Chcesz zobaczyć największy w polskiej armii śmigłowiec, pokaz ewakuacji załogi, a może na chwilę wcielić się w rolę pilota? To wszystko będzie możliwe jutro podczas pikniku lotniczego w Darłowie. Organizują go wspólnie 44 Baza Lotnictwa Morskiego i Urząd Miejski.
Bramy darłowskiej jednostki zostaną otwarte o godzinie 10.00, a impreza potrwa pięć godzin. Przy wejściu na chętnych będą czekały autobusy, które przewiozą ich na płytę lotniska.
Na zorganizowanej tam wystawie statycznej będzie można zobaczyć helikoptery Mi-14 zarówno w wersji ratowniczej, jak i do zwalczania okrętów podwodnych. – To największe śmigłowce wykorzystywane przez polską armię – podkreśla kmdr ppor. Czesław Cichy, rzecznik Brygady Lotnictwa Marynarki Wojennej. Poza nimi zaprezentowana zostanie ratownicza „Anakonda”, samolot patrolowo-rozpoznawczy Bryza, śmigłowiec Mi-2, specjalistyczny sprzęt do szkolenia lotników, a także kilka maszyn cywilnych, które należą do Aeroklubu Słupskiego. – Wszyscy chętni będą mogli porozmawiać z lotnikami, zrobić zdjęcia, usiąść za sterami śmigłowców i samolotów – zapewnia kmdr ppor. Cichy.
O 13.00 rozpocznie się pokaz Grupy Ratownictwa Lotniskowego. – Jej członkowie przeprowadzą symulowaną akcję ewakuacji załogi śmigłowca, który znalazł się w sytuacji awaryjnej. Może to być na przykład pożar na pokładzie – mówi kmdr ppor. Cichy. Na tym jednak nie koniec.
Na darłowskim lotnisku swój sprzęt pokaże Straż Graniczna, na pobliskim zaś Nabrzeżu Usteckim będzie można dodatkowo zwiedzić dwa okręty należące do 8 Flotylli Obrony Wybrzeża w Świnoujściu. Trałowiec ORP „Drużno” i kuter transportowy zostały otwarte dla publiczności już dziś. Jutro marynarze zapraszają od 15 do 20.
– Pierwszy piknik zorganizowaliśmy dwa lata temu.

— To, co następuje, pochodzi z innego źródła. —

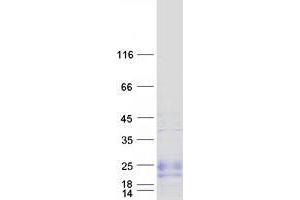 Validation with Western Blot (ZNF581 Protein (Myc-DYKDDDDK Tag))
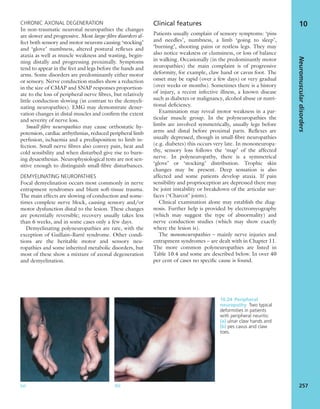 CHRONIC AXONAL DEGENERATION
In non-traumatic neuronal neuropathies the changes
are slower and progressive. Most large-ﬁbre disorders af-
fect both sensory and motor neurons causing ‘stocking’
and ‘glove’ numbness, altered postural reﬂexes and
ataxia as well as muscle weakness and wasting, begin-
ning distally and progressing proximally. Symptoms
tend to appear in the feet and legs before the hands and
arms. Some disorders are predominantly either motor
or sensory. Nerve conduction studies show a reduction
in the size of CMAP and SNAP responses proportion-
ate to the loss of peripheral nerve ﬁbres, but relatively
little conduction slowing (in contrast to the demyeli-
nating neuropathies). EMG may demonstrate dener-
vation changes in distal muscles and conﬁrm the extent
and severity of nerve loss.
Small-ﬁbre neuropathies may cause orthostatic hy-
potension, cardiac arrhythmias, reduced peripheral limb
perfusion, ischaemia and a predisposition to limb in-
fection. Small nerve ﬁbres also convey pain, heat and
cold sensibility and when disturbed give rise to burn-
ing dysaesthesias. Neurophysiological tests are not sen-
sitive enough to distinguish small-ﬁbre disturbances.
DEMYELINATING NEUROPATHIES
Focal demyelination occurs most commonly in nerve
entrapment syndromes and blunt soft-tissue trauma.
The main effects are slowing of conduction and some-
times complete nerve block, causing sensory and/or
motor dysfunction distal to the lesion. These changes
are potentially reversible; recovery usually takes less
than 6 weeks, and in some cases only a few days.
Demyelinating polyneuropathies are rare, with the
exception of Guillain–Barré syndrome. Other condi-
tions are the heritable motor and sensory neu-
ropathies and some inherited metabolic disorders, but
most of these show a mixture of axonal degeneration
and demyelination.
Clinical features
Patients usually complain of sensory symptoms: ‘pins
and needles’, numbness, a limb ‘going to sleep’,
‘burning’, shooting pains or restless legs. They may
also notice weakness or clumsiness, or loss of balance
in walking. Occasionally (in the predominantly motor
neuropathies) the main complaint is of progressive
deformity, for example, claw hand or cavus foot. The
onset may be rapid (over a few days) or very gradual
(over weeks or months). Sometimes there is a history
of injury, a recent infective illness, a known disease
such as diabetes or malignancy, alcohol abuse or nutri-
tional deﬁciency.
Examination may reveal motor weakness in a par-
ticular muscle group. In the polyneuropathies the
limbs are involved symmetrically, usually legs before
arms and distal before proximal parts. Reﬂexes are
usually depressed, though in small-ﬁbre neuropathies
(e.g. diabetes) this occurs very late. In mononeuropa-
thy, sensory loss follows the ‘map’ of the affected
nerve. In polyneuropathy, there is a symmetrical
‘glove’ or ‘stocking’ distribution. Trophic skin
changes may be present. Deep sensation is also
affected and some patients develop ataxia. If pain
sensibility and proprioception are depressed there may
be joint instability or breakdown of the articular sur-
faces (‘Charcot’ joints).
Clinical examination alone may establish the diag-
nosis. Further help is provided by electromyography
(which may suggest the type of abnormality) and
nerve conduction studies (which may show exactly
where the lesion is).
The mononeuropathies – mainly nerve injuries and
entrapment syndromes – are dealt with in Chapter 11.
The more common polyneuropathies are listed in
Table 10.4 and some are described below. In over 40
per cent of cases no speciﬁc cause is found.
Neuromusculardisorders
257
10
10.24 Peripheral
neuropathy Two typical
deformities in patients
with peripheral neuritis:
(a) ulnar claw hands and
(b) pes cavus and claw
toes.
(a) (b)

Wówczas nad Bałtykiem można było podziwiać pokazy lotnicze. Tamtej imprezie towarzyszyło hasło: „zobacz”, tegorocznej – „dotknij” – dodaje kmdr ppor. Cichy. – Dlatego właśnie zachęcamy zwiedzających, by brali ze sobą prowiant, koce. Chcemy, aby na lotnisku odpoczęli, zrelaksowali się, a przy okazji dowiedzieli się czegoś ciekawego – dodaje.
Przedstawiciele miasta liczą na dużą frekwencję. – Dwa lata temu na pokazy ściągnęły prawdziwe tłumy. Na plaży trudno było znaleźć wolne miejsce. Ludzie robili zdjęcia, kręcili filmy. Teraz też o imprezę dopytuje wielu turystów. A co najważniejsze nie najlepsza od kilku dni pogoda poprawiła się – podkreśla Leszek Walkiewicz z Urzędu Miejskiego w Darłowie i dodaje, że piknik to doskonały sposób na promocję nie tylko wojska, ale też miasta. – Wspólnie możemy zrobić naprawdę wiele dla budowy pozytywnego wizerunku – mówi.

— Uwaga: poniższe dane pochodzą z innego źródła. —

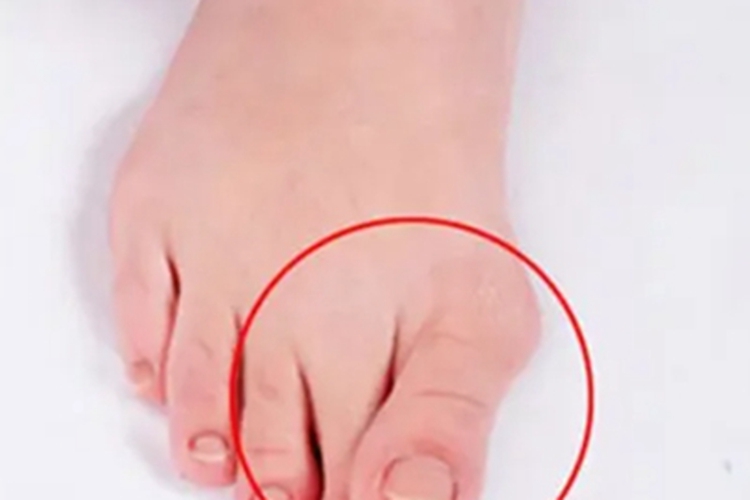 拇囊炎大脚趾畸形图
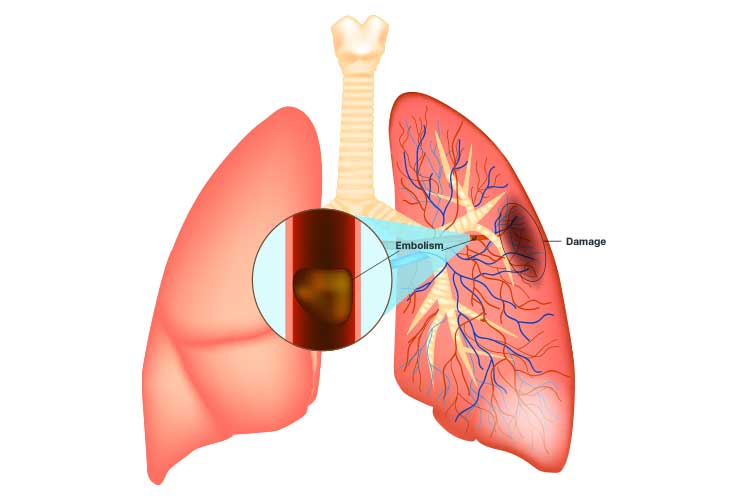 blood clot pulmonary embolism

Początki lotnictwa morskiego w Darłowie sięgają 1962 roku. Obecnie tamtejsza Grupa Lotnicza wchodzi w skład 44 Bazy Lotnictwa Morskiego. W mieście stacjonuje osiem śmigłowców zwalczania okrętów podwodnych Mi-14PŁ, dwa śmigłowce ratownicze MI-14PŁ/R, dwa śmigłowce ratownicze W-3RM „Anakonda” oraz trzy śmigłowce Mi-2. – Główne zadanie darłowskich lotników polega na rozpoznawaniu i wskazywaniu celów okrętom oraz poszukiwaniu, śledzeniu i niszczeniu okrętów podwodnych – przypomina kmdr ppor. Cichy. – Załogi śmigłowców Mi-14PŁ/R i W-3RM „Anakonda” pełnią również dyżury w krajowym systemie ratownictwa morskiego i lotniczego. Przez całą dobę są gotowi wyruszyć z pomocą na morzu – dodaje.